Repeat the records below exactly from the line containing "Bicicleta Canyon Ultimate CF SLX 8.0 Di2" to the line containing "Boucles d'oreilles Boucles", taking in both of those lines. Drop the pictures.

EXTRACTED ENTRIES
####
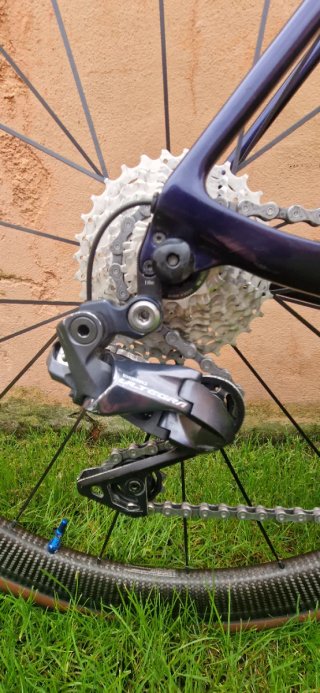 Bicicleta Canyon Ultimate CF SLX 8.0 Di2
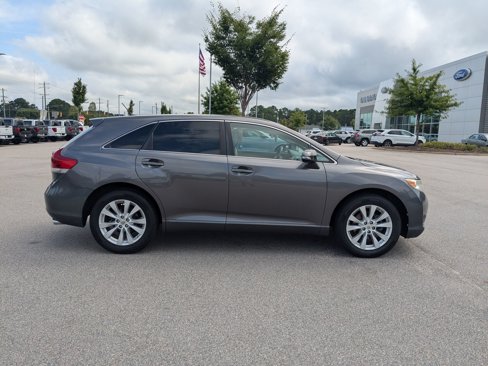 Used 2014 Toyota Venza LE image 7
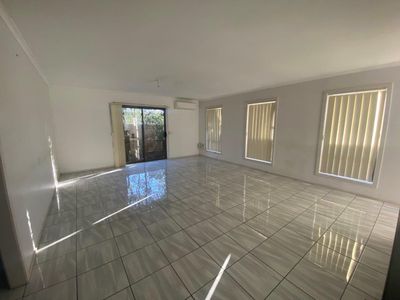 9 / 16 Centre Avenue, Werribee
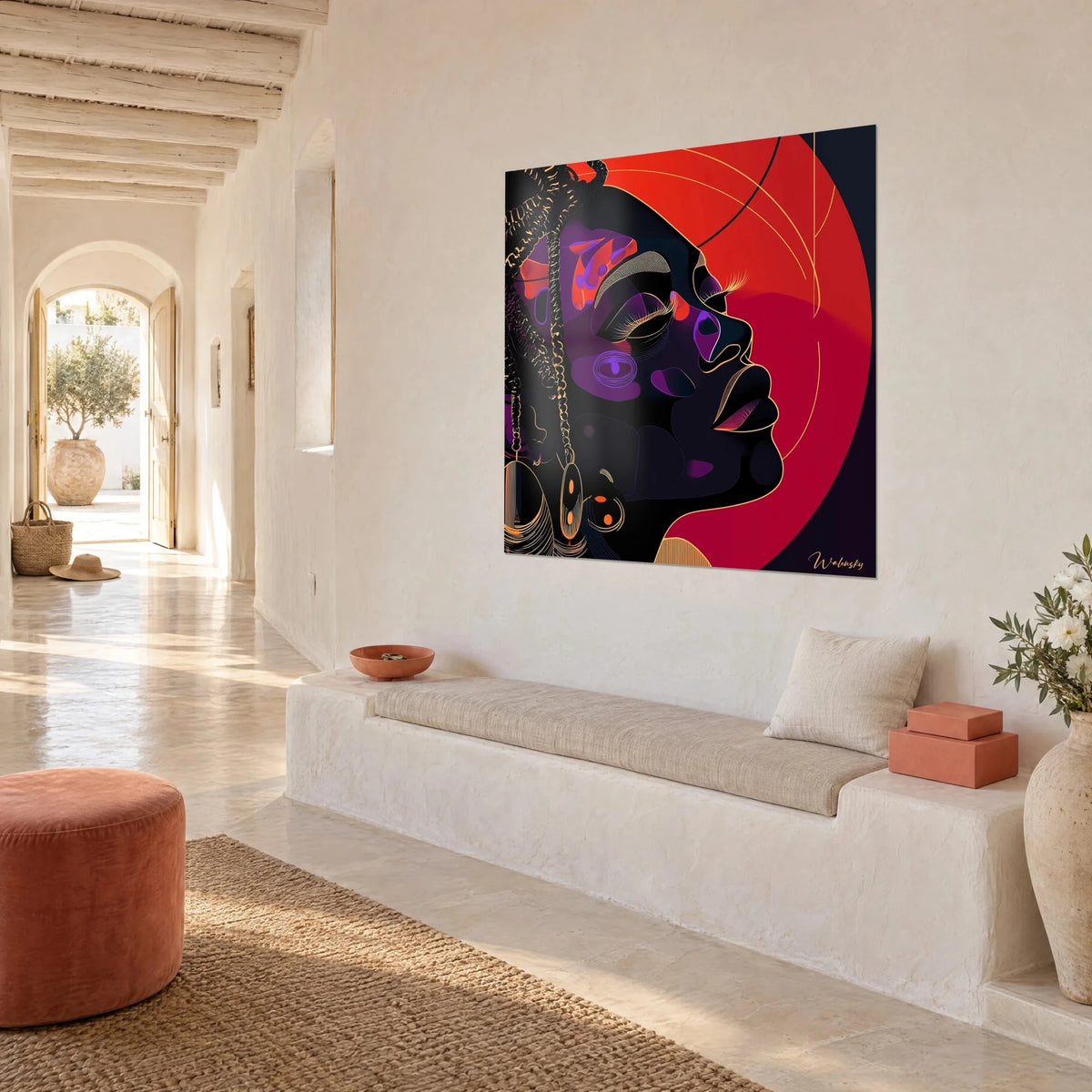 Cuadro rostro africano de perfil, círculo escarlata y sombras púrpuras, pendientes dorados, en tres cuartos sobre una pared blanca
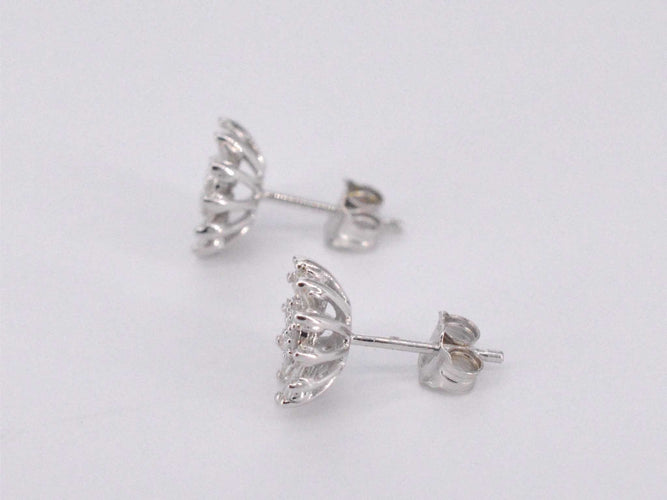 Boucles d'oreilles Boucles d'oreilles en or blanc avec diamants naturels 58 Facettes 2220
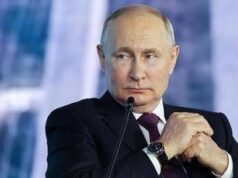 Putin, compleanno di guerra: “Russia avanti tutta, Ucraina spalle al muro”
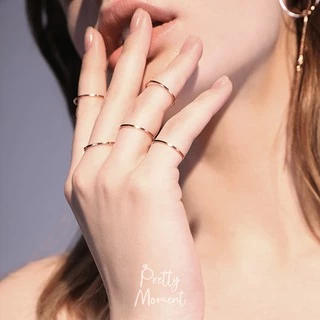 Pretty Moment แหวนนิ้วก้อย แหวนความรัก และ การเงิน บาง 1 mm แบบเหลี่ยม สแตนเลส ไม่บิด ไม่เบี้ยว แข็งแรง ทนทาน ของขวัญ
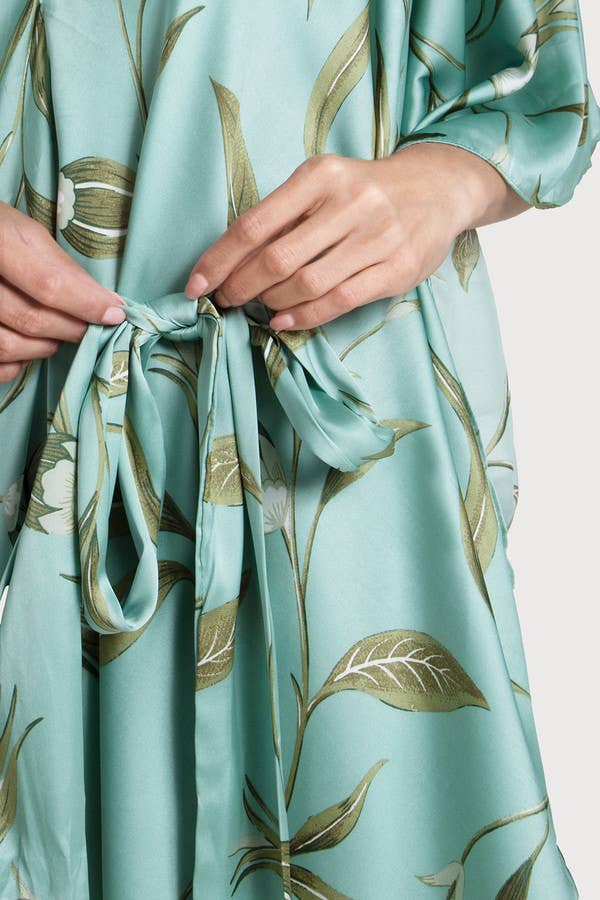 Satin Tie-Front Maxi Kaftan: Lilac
####
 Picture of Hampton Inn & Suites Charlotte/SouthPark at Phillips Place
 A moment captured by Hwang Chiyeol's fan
####
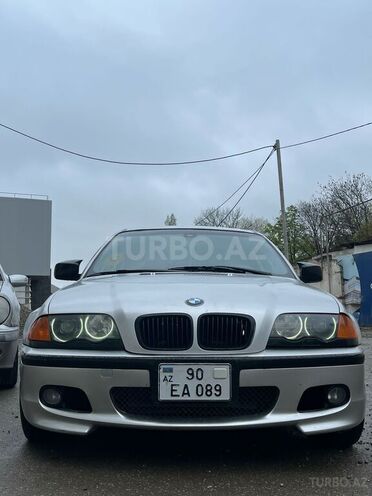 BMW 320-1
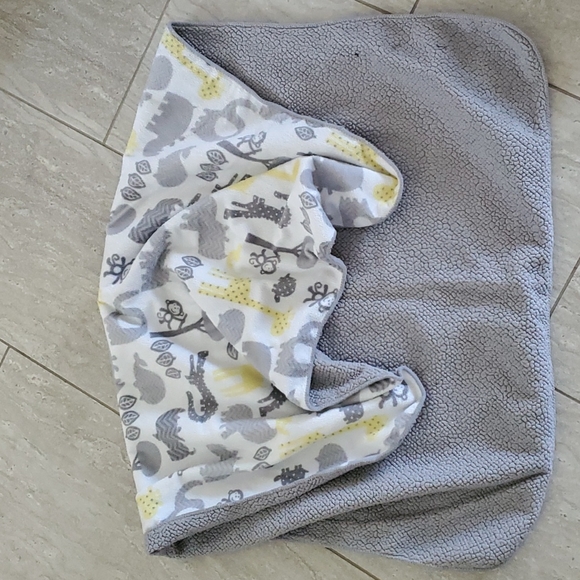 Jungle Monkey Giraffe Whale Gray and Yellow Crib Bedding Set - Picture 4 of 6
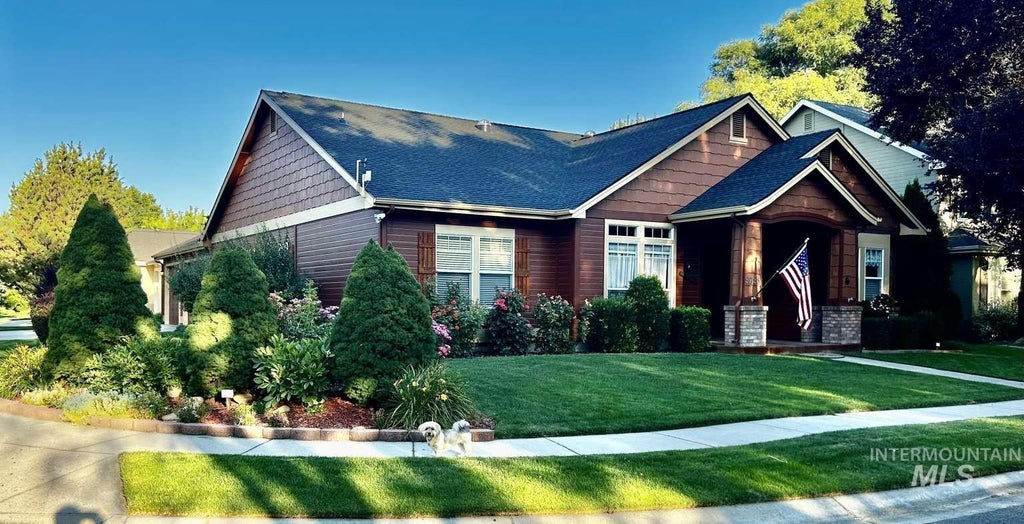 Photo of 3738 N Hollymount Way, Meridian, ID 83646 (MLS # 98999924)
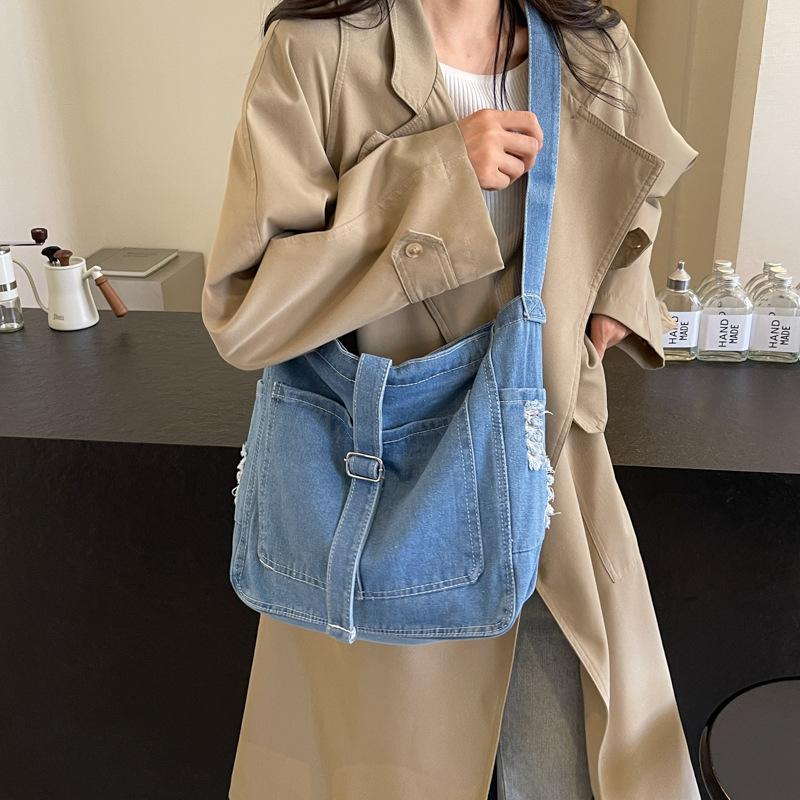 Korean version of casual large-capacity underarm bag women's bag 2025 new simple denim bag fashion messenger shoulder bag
####
SOLUTION FOR THIS TASK
 Bicicleta Canyon Ultimate CF SLX 8.0 Di2
 Used 2014 Toyota Venza LE image 7
 9 / 16 Centre Avenue, Werribee
 Cuadro rostro africano de perfil, círculo escarlata y sombras púrpuras, pendientes dorados, en tres cuartos sobre una pared blanca
 Boucles d'oreilles Boucles d'oreilles en or blanc avec diamants naturels 58 Facettes 2220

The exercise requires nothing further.